The two-day virtual Newspaper Redesign Workshop on November 10–11, 2025, by World Association of News Publishers (WAN-IFRA), led by design expert Jon Wile, will train newsrooms to reinvent print for modern readers — focusing on visual storytelling, template strategy, redesign execution, and effective design feedback — to build sustainable, high-impact, loyalty-driving print products.

Long after many media execs prematurely declared print irrelevant, a masterclass on newspaper redesign — led by one of the world’s most influential news design leaders — is attracting global attention. American design leader Jon Wile will run a virtual, two-day strategic workshop on print publication reinvention — a signal that the smartest newsrooms are no longer asking whether print has a future, but what kind of print is worth keeping.
Hosted as a focused masterclass rather than a broad webinar,the Newspaper Redesign Workshop is positioned not as nostalgia management, but as strategy — a rethink of the print product for the attention-fractured, design-aware, loyalty-driven reader of 2025. It is not a how-to-make-it-prettier workshop. The language is precise: surprise, sustain, differentiate, earn loyalty, support business goals — not merely survive.
The workshop is led by Jon Wile, Vice President of Design at American City Business Journals, a heavyweight who oversees visual direction across 40 publications and more than 50 designers. Formerly of The Washington Post and current President of the Society for News Design, Wile represents the exact kind of operator newsrooms are now scrambling to understand — someone who knows how to align aesthetics with reader habit, business strategy, and repeatable design intelligence.

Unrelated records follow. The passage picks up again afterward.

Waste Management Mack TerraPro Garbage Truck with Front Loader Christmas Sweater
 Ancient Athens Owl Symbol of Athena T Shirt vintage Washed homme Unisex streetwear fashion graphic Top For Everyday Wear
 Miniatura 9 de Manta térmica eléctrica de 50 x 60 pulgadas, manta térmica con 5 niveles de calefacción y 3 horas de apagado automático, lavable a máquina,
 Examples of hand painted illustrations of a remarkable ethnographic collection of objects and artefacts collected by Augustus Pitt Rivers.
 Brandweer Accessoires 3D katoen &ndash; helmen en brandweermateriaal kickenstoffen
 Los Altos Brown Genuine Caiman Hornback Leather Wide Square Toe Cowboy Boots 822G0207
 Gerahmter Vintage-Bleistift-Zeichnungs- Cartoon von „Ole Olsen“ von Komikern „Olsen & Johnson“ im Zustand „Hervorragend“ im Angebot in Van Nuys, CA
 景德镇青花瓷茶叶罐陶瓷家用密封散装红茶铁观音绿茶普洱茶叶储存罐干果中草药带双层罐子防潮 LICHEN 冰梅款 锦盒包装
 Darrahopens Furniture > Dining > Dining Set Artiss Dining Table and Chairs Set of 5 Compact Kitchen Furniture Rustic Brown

The structure is surgical. Day One begins with “Print Publication Design,” a recalibration of what still makes physical newspapers valuable — a reminder that print is not dead, but unforgivably boring when treated mechanically. Wile will deep-dive into visual storytelling and the editorial logic behind smart visual editing — the choices that make a printed page feel alive, not just filled. The session then moves into the unsentimental mechanics: template systems, style sheets, and the discipline of design consistency. Beauty, here, is operational — not ornamental.
Session Two of Day One goes tactical. Simply titled “Redesign – The Prep,” it tackles the political and cultural minefield inside most legacy institutions. Wile attempts to define what the word “redesign” really means — a necessary step, given how often the word gets abused as a synonym for cosmetic overhaul. He then drills into stakeholder mapping, decision ownership, and how redesign efforts collapse when they are treated as a side-project rather than cultural reset. The framing is clear: great redesigns do not begin in InDesign. They begin in alignment.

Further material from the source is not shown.